> [Exercise instructions]:
Write out again the lines from the line with "UBNT U6‑PRO Dual" up to and including the line with "Slot Gacor Hari Ini banner", exactly as they stand below, and skip any picture.

> [Data extracts]:

BEGIN

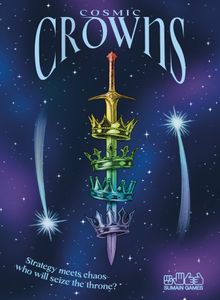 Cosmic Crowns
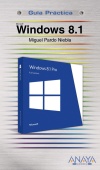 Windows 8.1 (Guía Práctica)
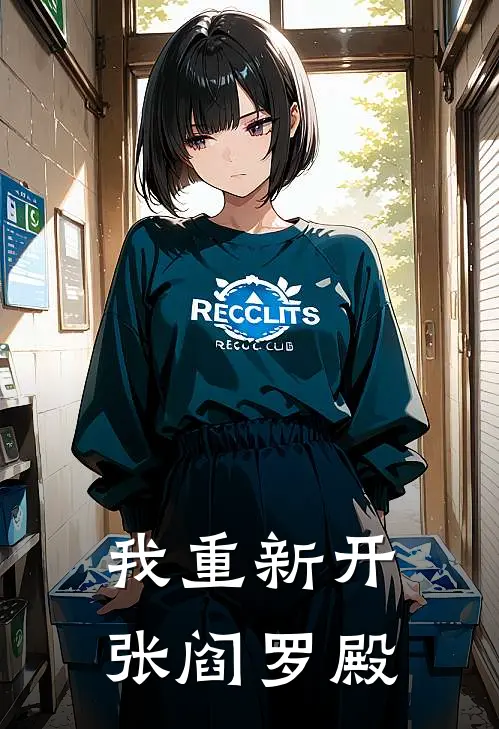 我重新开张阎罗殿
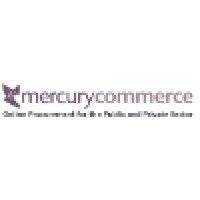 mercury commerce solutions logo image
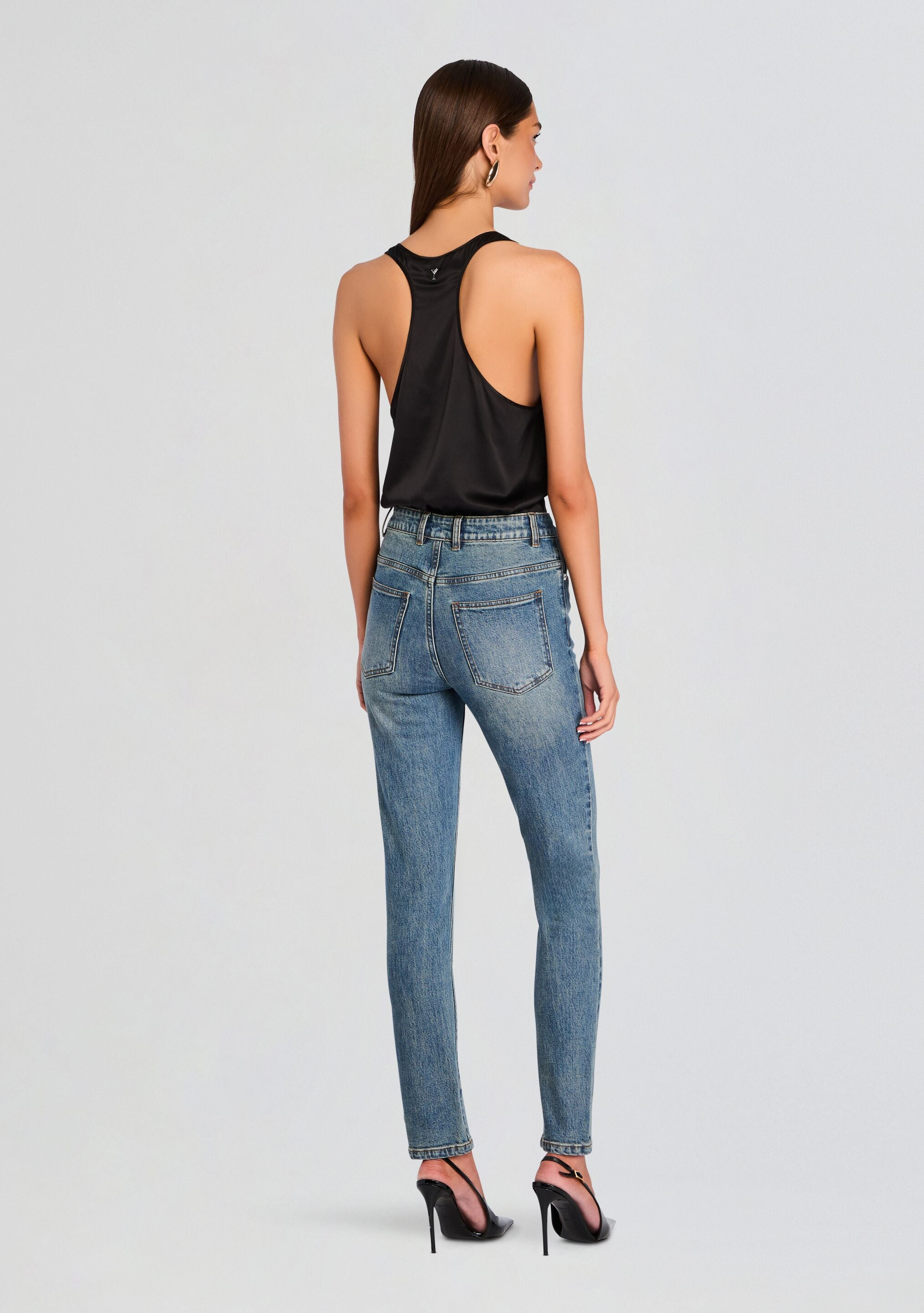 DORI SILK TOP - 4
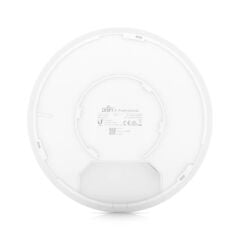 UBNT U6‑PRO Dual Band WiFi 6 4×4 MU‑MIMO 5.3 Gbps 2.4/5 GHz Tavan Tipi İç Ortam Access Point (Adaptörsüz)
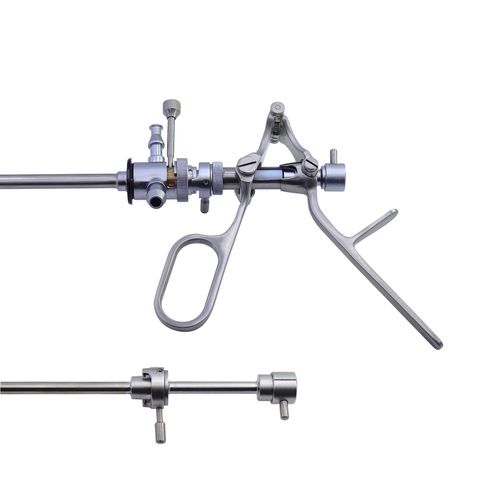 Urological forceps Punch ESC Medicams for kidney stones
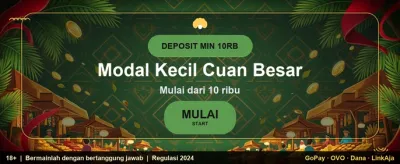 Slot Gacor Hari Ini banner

END
BEGIN

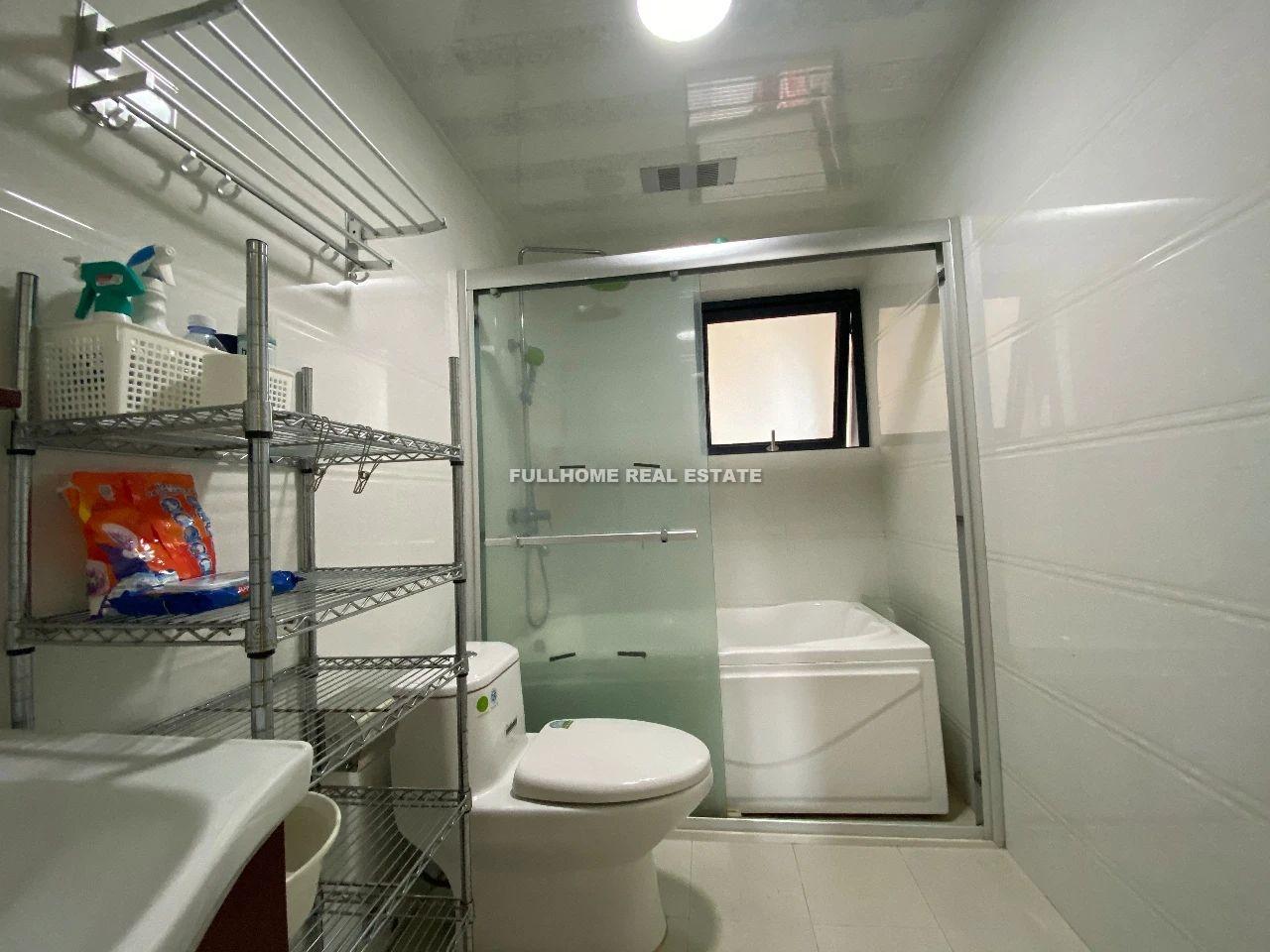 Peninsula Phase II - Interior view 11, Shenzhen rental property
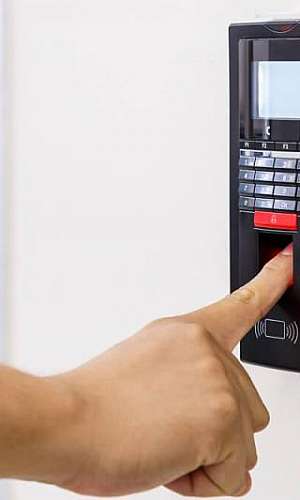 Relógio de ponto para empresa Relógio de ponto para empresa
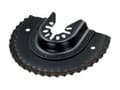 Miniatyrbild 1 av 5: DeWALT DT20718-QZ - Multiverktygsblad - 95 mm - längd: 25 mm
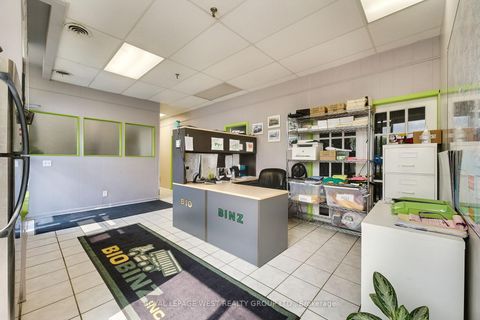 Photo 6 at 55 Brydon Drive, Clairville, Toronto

END

> [Answer for the task]:
 UBNT U6‑PRO Dual Band WiFi 6 4×4 MU‑MIMO 5.3 Gbps 2.4/5 GHz Tavan Tipi İç Ortam Access Point (Adaptörsüz)
 Urological forceps Punch ESC Medicams for kidney stones
 Slot Gacor Hari Ini banner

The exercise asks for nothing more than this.